Chartreuse is quite the birectifier case study, and though it will not reveal any secrets, an examination, I hope, will enhance appreciation. It was also a challenging case study because even when fractioned into parts, it still so readily defies language. How do I convey insights and a sense of wonder to anyone not present to dip their nose into sensations so elusive?
The answer may be to look at some of my older experimental writing when I was obsessed with the categorization of aromas and use of metaphor systems. This is necessary because Chartreuse, as we all know, has a lot of aroma that are no so culinary and probably better associated with wearable perfume fragrances.
We may have to set the scene for Chartreuse a little bit. Some great bits of their philosophy are revealed in a recent document about their move.
Long ago, when I looked at Chartreuse, it seemed to me to represent the banishment of certain aromas for symbolic purposes. I thought it a likely symbol of chastity because of how it avoided any round sensual fruit aromas. Feel free to brush up on olfactory and flavour symbolism if you need some help understanding. Of course it all goes horribly wrong pretty fast and pretty soon Chartreuse gets favored by the degenerates. I was introduced to it by a rock’n roller who worked at South Street Diner and sported a “Tip Me” belt buckle that had a slot to hold a Zippo.

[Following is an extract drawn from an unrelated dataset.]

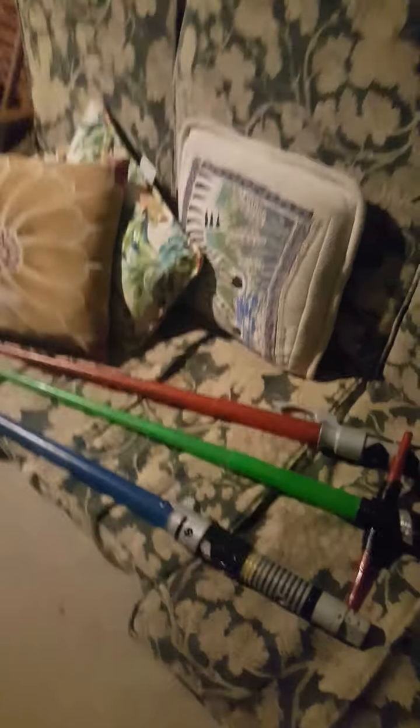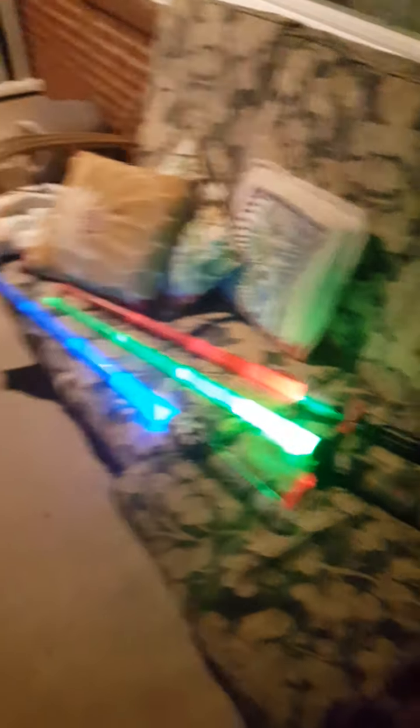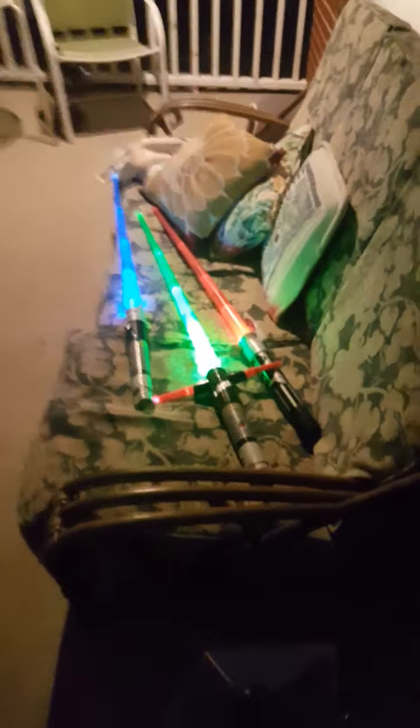But I mean, come on. Look at these things. Now that's a photo op. Hang on, let me get these things lined up. Yeah, this looks cool.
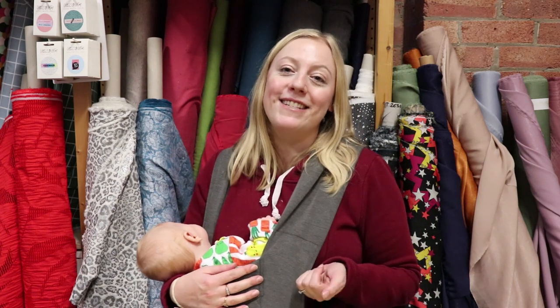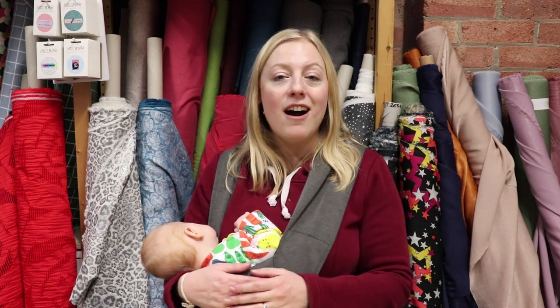Thanks for watching, guys — I hope you've enjoyed our party edit today and loved seeing all the fabrics move and getting some inspiration on what to make. We've shown you some really gorgeous ex-designer fabrics and I hope you've got inspiration for the festive party season. Thanks for all your orders — it means so much to us here at Sew Me Sunshine. Jenny's going to link them below so you'll be able to see them on the website. If you've got any questions don't be afraid to ask — take care, bye!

The famous documentary of the Carthusian monks is called Into Great Silence, and that silence no doubt provoked other forms of non-linguistic thought and order found in Chartreuse. Our best glimpse at that order may be the scales of perfumer G. Septimus Piesse:
Ascending-descending scale becomes somewhat apparent when you experience the birectifier fractions. Breeze through the fractions in both directions, and if you’re sensitive, whichever cross modal metaphors of scale you’ve previously exercised will come to you. They are chromatic. They are auditory. You taste evolving shapes with angles. George Lakoff, Adrienne Lehrer, and Pamela Vandyke Price would be freaking out. All the neurologists that wrote about synaesthesia would just start high-fiving and spinning in circles.
I would not be surprised if the monks were obsessed with scale and the various separate distillates were arranged and ordered in such way. I would also not be surprised if the monks played the High Value Terpene (HVT) game. This is a wild conjecture, but they did have some louching in their fraction 5 that I have no idea of what to attribute it to. We also absolutely freak for the stuff paying top dollar which is a big pattern for any spirits containing HVTs or other High Value Congeners (HVC). Do the monks merely treat botanicals, fresh is best, like a gin? Because in the HVT game everything gets a little stranger. A vanilla bean has no apparent vanilla aroma until it is sweated and tortured to unlock its HVTs. Is there room for them to do anything similar to make the hyssop pop?
Nature is a temple where living pillars
Let escape sometimes confused words;
Man traverses it through forests of symbols
That observe him with familiar glances.
Like long echoes that intermingle from afar
In a dark and profound unity,
Vast like the night and like the light,
The perfumes, the colors and the sounds respond.
There are perfumes fresh like the skin of infants
Sweet like oboes, green like prairies,
—And others corrupted, rich and triumphant
That have the expanse of infinite things,
Like ambergris, musk, balsam and incense,
Which sing the ecstasies of the mind and senses.
-Charles Baudelaire (sent to me by David Ferry)
Fraction 1: A type of citrus-piney aroma. Quite surprising. Almost menthol-like but more as a chemical sensation than an aroma.
Fraction 2: Similar to fraction 1, but seems to be declining in intensity.
Fraction 3: Slight aromatic hallmarks of Chartreuse. Far less aromatic intensity than the other fractions. Contains almost a faint aroma like malt?
Fraction 4: Weightier characteristic Chartreuse aromas but still not so aromatic.
Fraction 5: Quite intense and unique. When you move from 4 to 5, you almost feel the shape of the aroma and even its color in your mind’s eye change. All the angular facets seem smaller and less acute. This fraction also had a slight cloudiness not found in gin’s or curaçao. Slightly acrid to the taste much like the fraction 5’s of some non-aromatized spirits.
Fraction 6: Cooked, exhausted, and foresty all come to mind. Slightly staleness seen in the later fractions of other distillates. Everything in here seem laissez-faire. This likely represents a baseline for how much is acceptable.
If I made such a liqueur in the future, I would add to scale an obsession with semantic odor space.